While some anxiety can be good for us, the feeling of anxiety can be uncomfortable. If you see people regularly—at work, at family events, or just hanging out with friends, you can get used to the sensation. Over time, your brain adjusts to the experience and the intensity levels off.

Losing Practice

In a world where our ability to connect in person has changed so much, we’ve gotten out of practice. We haven’t had as many opportunities to feel these sensations. Habituation is the process through which you get used to physical sensations. When you jump into a cold lake, you experience habituation. It feels freezing at first, until your body gets used to it and the water becomes tolerable. Because we spend so much time in our own homes or with the same small set of people, we’ve lost some of our tolerance for the feeling of social anxiety itself.  

Missed Lessons About our Worries

We also haven’t had as many opportunities to test out our worries. You may be worried that coworkers you’ve only seen over video will think you’re awkward in person. Or that you’ll run out of things to say at a party. If you avoid those situations, you never get to find out if your fear would come true.

The pandemic has forced us to miss out on so many social experiences we could learn valuable lessons about—like the fact that you get along really well with your coworkers or no one is judging you at that party. If you notice a pattern of avoiding social situations because of fear, you might be dealing with Social Anxiety Disorder. Social anxiety becomes a diagnosable mental health condition when it regularly stops you from doing the things you care about.

Uncertainty

Uncertainty is like lighter fluid for anxiety. Anxiety is meant to protect us from possible future harm. When something is uncertain, the risk of harm can seem higher because we don’t know what to expect or how to plan for it. Many of our relationships have become uncertain through lack of contact or differing views on how to handle the pandemic. Everyone’s comfort level and safety precautions can seem uncertain, making it trickier to navigate social interaction.

Can Social Anxiety Be Cured?

If you already struggled with social anxiety before the pandemic or just started experiencing it in these last few years, you’re not ruined forever. Fear can be created or strengthened. But the cycle can also be interrupted. Your brain is capable of creating new associations with old fear triggers. It can learn, through experience, to respond to social situations in more resilient ways.

You’ll never be able to eliminate anxiety entirely. It’s a natural, inevitable human experience. But you can change your relationship with it. You can overcome your anxiety to get back to the things you care about.

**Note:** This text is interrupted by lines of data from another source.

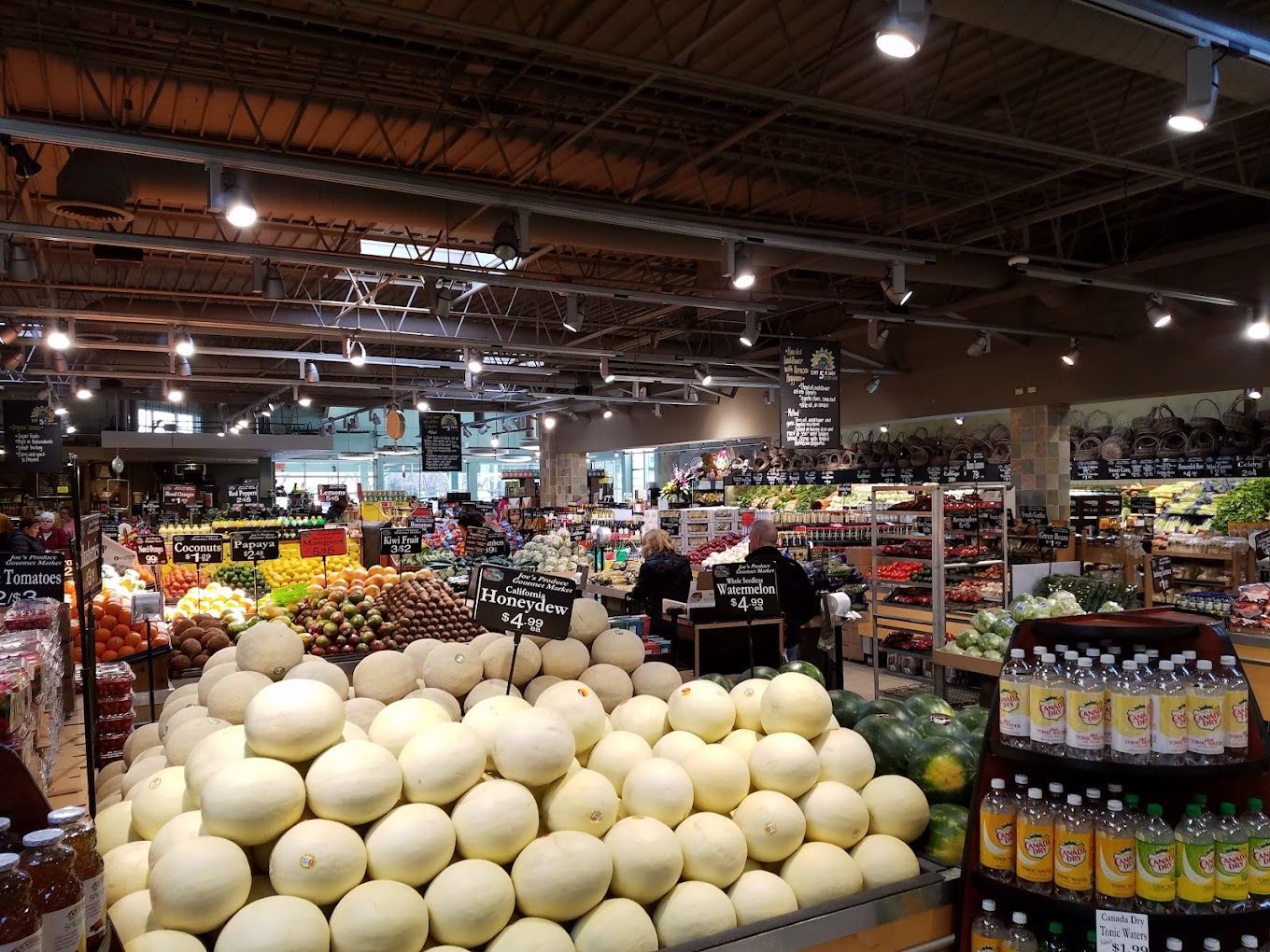 Grocery store interior with produce display of melons; shoppers browse.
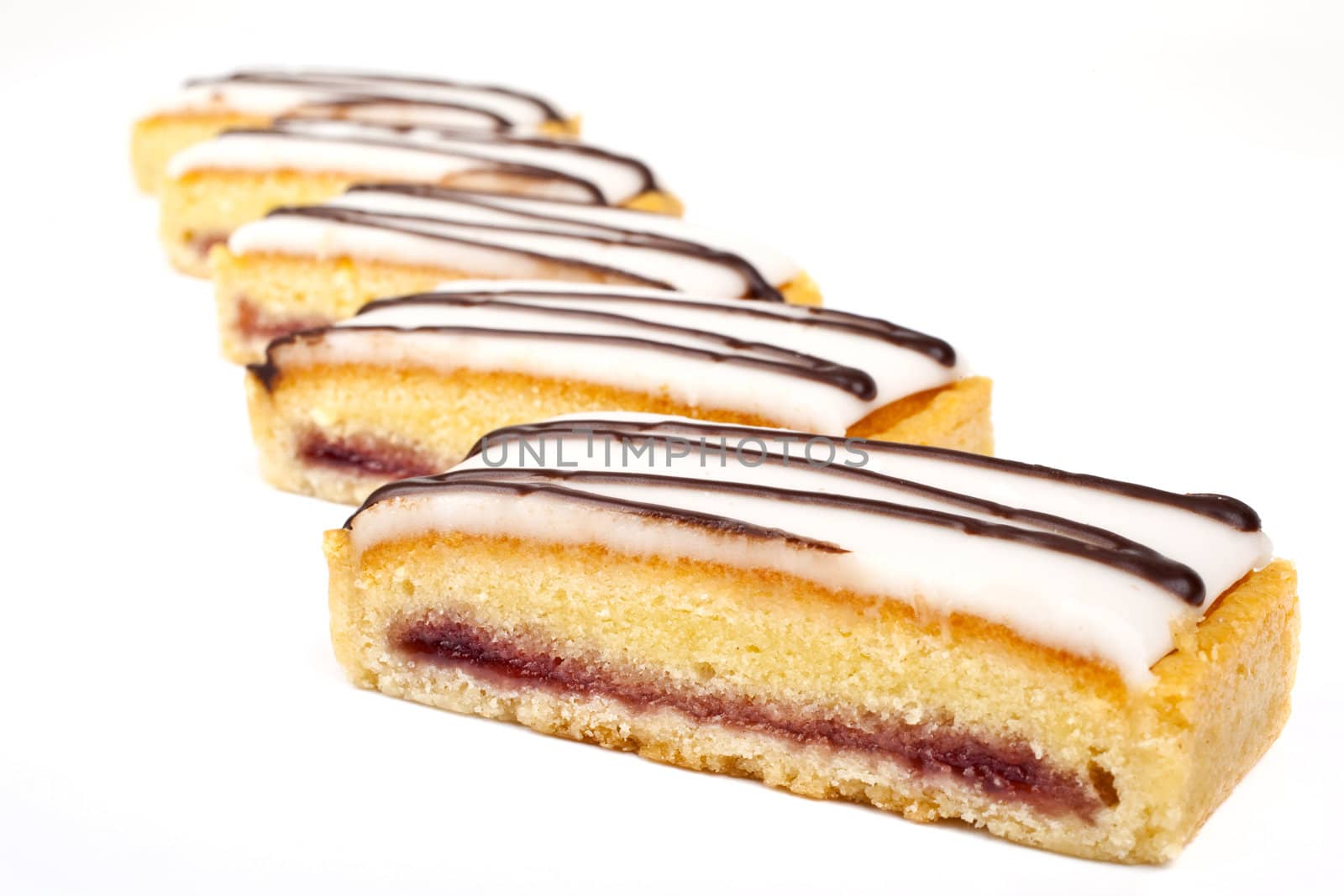 Cherry Bakewell Slices over a white background.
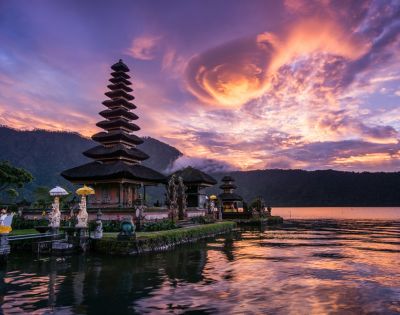 A serene lakeside temple with tiered roofs at sunset in Bali, Indonesia. Vibrant pink and purple clouds reflect on the water, creating a peaceful atmosphere.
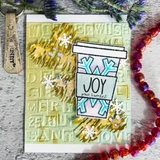Card with the cup colored pink and blue on a gold embossed word background, gold foliage and red beads around it, sentiment "JOY peace & comfort."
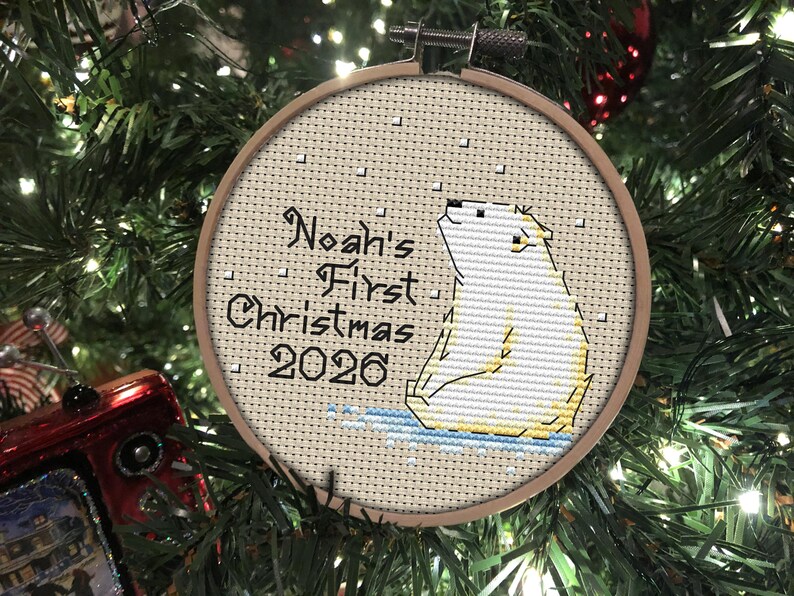 May include: A circular wooden embroidery hoop containing a cross-stitch design of a white polar bear sitting on blue ice. The text reads Noah's First Christmas 2026 in black lettering, with small white squares representing falling snow.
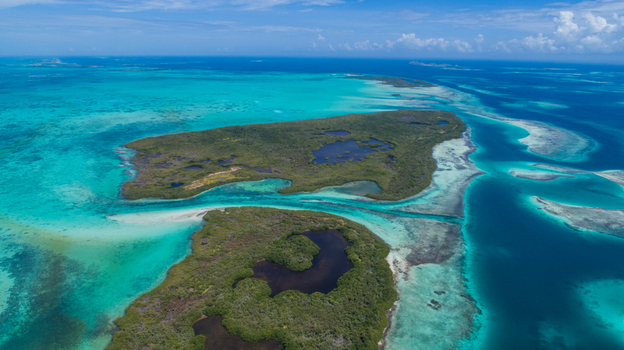 Aerial view of Los Roques archipelago featuring turquoise Caribbean waters coral reefs and lush green islands under a clear blue sky. Los Roques Dependencias Federale Venezuela. Aerial view of Los Roques archipelago featuring turquoise Caribbean waters coral reefs and lush green islands under a clear blue sky. Los Roques Dependencias Federale Venezuela.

Dealing with Social Anxiety

Name It

Like any problem, understanding the issue is the first step to step to solving it. Recognize when you are experiencing social anxiety. Label the feeling itself- “I am feeling anxious” and the physical sensations “my face is red, my hands are trembling.” Putting a name to your experience helps get some distance from it so you can choose how to respond instead of reacting impulsively. Check out my blog on the physical symptoms of anxiety and panic to better recognize your own symptoms.

Allow it

Avoidance reinforces fear. Your brain takes it as a message that the thing you are avoiding is dangerous. Avoiding feeling the emotion of anxiety itself can reinforce your fear. Instead of trying to stop feeling anxious, allow yourself to feel it.  This can be hard, especially at first, because anxiety can be uncomfortable. But approaching anxiety with openness and willingness can teach your brain that the sensation is uncomfortable, but not dangerous. It can help to straighten your back, loosen your muscles, and generally open your posture. All emotions pass with time. If you lean into the feeling instead of trying to escape it, you allow the emotion to peak and naturally diffuse on its own.  

Identify Your Triggers

Begin to pay attention to the kinds of things that make you socially anxious. Are you anxious in front of crowds, with strangers, or one-on-one? Start to make a list of your common triggers. Think about different factors that would affect your anxiety, such as if you’re alone, if you’re performing, or unprepared. Add those factors to your list of triggers.

Practice Facing your Triggers

Slowly start to face your triggers, moving from things that are mildly uncomfortable to more challenging situations. Think of this like building muscle. If you wanted to become a weight lifter, you wouldn’t start with 100-pound weights. You might start lifting 5-pound weights, then move on to 10, and so on.

Taking one small step at a time can help you build momentum. It can be as simple as striking up a conversation with the cashier at the grocery store. Pick something that feels uncomfortable, but not overwhelming. Then commit to practicing. Keep doing that one social thing as often as you can. Then, when you feel ready, move on to the next thing, such as going to a party.  Remember, the goal is not to stop feeling anxious, because that would be avoidance. The goal is to start doing the things you care about while facing your anxiety to teach your brain that these situations aren’t dangerous.

Shift Your Focus 

Social anxiety often involves a hyper-focus on ourselves. Does she notice my voice shaking? Is he thinking I’m weird? With practice, you can shift your attention at will. Notice when you’re fixating on yourself, and then shift your focus to the person or activity you’re trying to engage with. The thoughts going through your mind are just thoughts. They may or may not be true. Don’t try to suppress the thoughts, because that doesn’t work and will likely make it worse. Start treating them like white noise by noticing your thoughts, then moving your attention to the present moment. Meditation is a great way to build that ability.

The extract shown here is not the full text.